Pela terceira vez, Portugal vai presidir à União Europeia, a partir do início do próximo mês.
Desta vez, depois de Cavaco Silva e António Guterres, é a vez de José Sócrates assumir essas funções.
O quadro nacional em que tal situação decorre tem algumas especificidades, que convém analisar.
A maioria que suporta o governo é absoluta. O Presidente da República foi eleito, pela primeira vez, pela direita. O presidente da Comissão Europeia é, pela primeira vez, português. A União Europeia integra, pela primeira vez, vinte e sete países. A maioria desses países é governada pela direita. Está em causa e em discussão do tratado da União Europeia, que pretende reforçar o federalismo e reduzir as independências dos países, e a forma como tal será conseguido – se através de referendo, como todos os partidos, nas últimas eleições legislativas, se comprometeram, ou através da Assembleia da República, como parece pretenderem o governo e o Presidente da República.
António Guterres, na última presidência portuguesa da União Europeia, perdeu o controle do governo e da situação do país. O que aconteceu a seguir ainda será do conhecimento de todos, certamente.
Não tinha maioria absoluta e a repartição do poder que fez, no governo, por alguns super ministros revelou-se desastroso. Quando “regressou” ao país percebeu que este estava a cair no pântano e que tinha perdido o estado de graça em que vivia quando assumiu aquela presidência, pelo que bastou um desaire eleitoral nas eleições autárquicas para se demitir e criar uma crise política que levou a direita ao poder, com as consequências conhecidas.
José Sócrates tem vivido em estado de graça. Não só porque tem maioria absoluta mas também por falta de alternativas e porque tem mostrado uma grande habilidade na gestão das expectativas.
Entretanto, nos últimos tempos registaram-se alguns factos notáveis, que poderão mostrar que não só as coisas estão a mudar como a história se poderá repetir, ao contrário do que se costuma dizer.
Os trabalhadores, para além de diversas acções de protesto, participaram, em grande número, numa greve-geral contra a política e as políticas que o governo insiste em prosseguir.
Em dois ou três momentos diferentes, nas últimas semanas, o primeiro-ministro foi recebido com vaias.
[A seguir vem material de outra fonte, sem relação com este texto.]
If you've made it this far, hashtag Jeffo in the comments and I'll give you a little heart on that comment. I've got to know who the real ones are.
Se em Setúbal ainda podia dizer que o protesto com que foi recebido foi organizado pelos comunistas o mesmo já será mais difícil quanto aos assobios de Abrantes…
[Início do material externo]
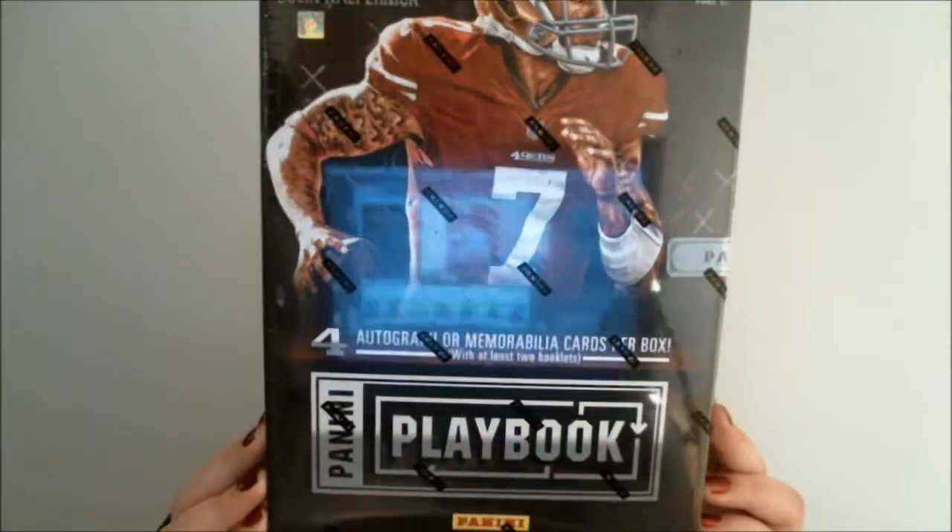Hey everyone, it's Suze here. We have some football today — Panini Playbook. Four autographed or memorabilia cards per box with at least two booklet cards. It's a lot of box for not a lot of cards, but let's check out what we're going to get here.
Os estudantes voltaram à rua e às estradas, para protestarem quanto ao rumo que o governo pretende empurrar o ensino superior.
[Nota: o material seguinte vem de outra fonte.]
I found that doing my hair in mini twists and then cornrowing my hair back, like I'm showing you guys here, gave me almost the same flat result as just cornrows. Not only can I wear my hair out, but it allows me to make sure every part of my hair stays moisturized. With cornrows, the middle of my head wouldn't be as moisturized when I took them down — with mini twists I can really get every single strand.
Depois de algumas substituições mais ou menos técnicas de alguns ministros, eis que o número dois de José Sócrates, no governo e com enorme peso no PS, abandona o governo para se candidatar às eleições intercalares para a Câmara Municipal de Lisboa.
Só por ingenuidade é que se pode acreditar que tal saída se deve apenas aquela candidatura, quando tal se verifica em vésperas de Portugal assumir a presidência da União Europeia…
Face a tudo isto, não seria de admirar que daqui a seis meses, quando José Sócrates concluir as funções de presidente da União Europeia e regressar, a tempo inteiro, à governação de Portugal, não reconhecesse o seu governo e o estado da nação.
Seguramente que ninguém está à espera que o consenso estabelecido pelo governo com a direita quanto à sua presidência da União Europeia se vá manter na prática ao longo do mandato e muito menos que as oposições suspendam as suas actividades, designadamente a continuação e, eventual, reforço das acções de protesto às políticas do seu governo.
Será que o estado de graça de José Sócrates se vai manter para além da presidência europeia? Será que a coesão do governo e do apoio do PS ás suas políticas se vai manter então? Será que a sua máquina de propaganda que alimenta as expectativas dos portugueses se vai ainda manter?
A prepotência com que José Sócrates, o governo e o PS falam e a forma como actuam irão continuar a ser aceites pelos portugueses ou estes já se começaram a fartar, como os factos notáveis que nos últimos tempos surgiram parecem indiciar?
Será que Cavaco Silva irá continuar a sua convergência estratégica com o governo?
Será que, daqui a seis meses, a União Europeia a que José Sócrates vai presidir, com Durão Barroso na presidência da Comissão Europeia, tem reforçada a sua coesão económica e social e clarificadas as suas organizações política e de defesa, com respeito não só pelos estados mas principalmente pelos povos que a integram?
Os próximos seis meses vão, estamos convencidos, responder a todas estas questões.
Esperamos ter, nessa altura, um Portugal e uma União Europeia melhores, mais competitivos e solidários, mais coesos e justos, mais respeitadores do ambiente e dos direitos dos cidadãos.